Not that I'm really going to stop eating Goldfish, but I'd like to work on eating more things that the FDA actually categorizes as food (unlike Oreos). We are slowly but surely growing our garden in the back, and I'm looking forward to planting a lot more this spring. I'm also looking into some local CSAs, but the box of surprise produce makes me a little nervous. Does anyone know how to cook a radish? Maybe we'll start with fresh eggs. We also have some great farmer's markets around that I have yet to fully explore, and thanks to Pinterest, I can make homemade versions of just about any junk food you can imagine. It's totally ok if they don't look or taste the same, right?

3. Less spending (I'm looking at you, Baby G)

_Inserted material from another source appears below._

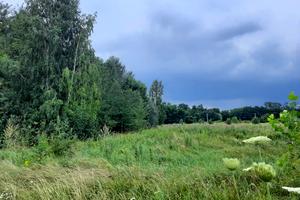 ділянка за адресою с. Абрамівка,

This one comes out of necessity as we transition to one income this summer. And add an extra person to our household. We're taking our budget down a little each month in anticipation. It's pretty easy during the winter hibernation when I don't leave the house, but spring always brings a fresh desire to shop, along with floral prints and short sleeves. Ahh, spring. The pastels. The sunshine. Anyway, we're also hoping to use cloth diapers and breastfeeding to help keep expenses down with the baby. Not that I'm not going to accidentally drop a boat-load of money on the nursery in my attempt to save money by doing things myself (Try saying that three times fast).  For example, I still don't know the final amount of cash I dropped on the wedding on craft supplies and DIY projects. I have grand ideas of making curtains, and sheets, and nursing covers, but I am fully aware that sometimes it's way cheaper to just buy something.

4. Avoiding "busy"

I'm sick of idolizing busy-ness. It's not healthy to stretch yourself so thin (I cringe as I remember having this exact argument with my mom every day of high school, but it turns out she was right)' and it has kept me from doing things that are actually meaningful with the people I care about. Like sending birthday cards, or writing back to all of the people who reached out to me this year after I lost my mom. Or seeing my husband on weekdays and actually being able to carry on a conversation. I want my time back, and I'm fully aware how quickly it passes with a little one as they become not so little. Also under this category falls our media usage. Yikes. How many unnecessary hours do I spend on this iPad or watching tv? I haven't figured out exactly how I want to cut these things down, but I know it has to happen. I would like to keep up the blogging, and improve consistency (I even came up with a neat little schedule I'm going to work up to because I'm a planner like that), but not at the expense of life.

5. Give more

Without the busy in the way, we have the time to open our eyes and recognize needs, not to mention do what we can to meet them. Jen Hatmaker really hit me in her discussion of what it means to love your neighbor as yourself in practice. Financially, "as yourself" means you spend just as much on others as you do on yourself. I know we aren't ready to go 50/50 with our full budget, but we can certainly do it with the unexpected gift money we get throughout the year. We started the idea over Christmas, and it was definitely painful to watch my shoe dreams get cut in half, but that's the whole purpose of giving to the point of sacrifice. We also know an amazing couple who are beyond grateful to have some help in their adoption journey, which makes this an even easier decision!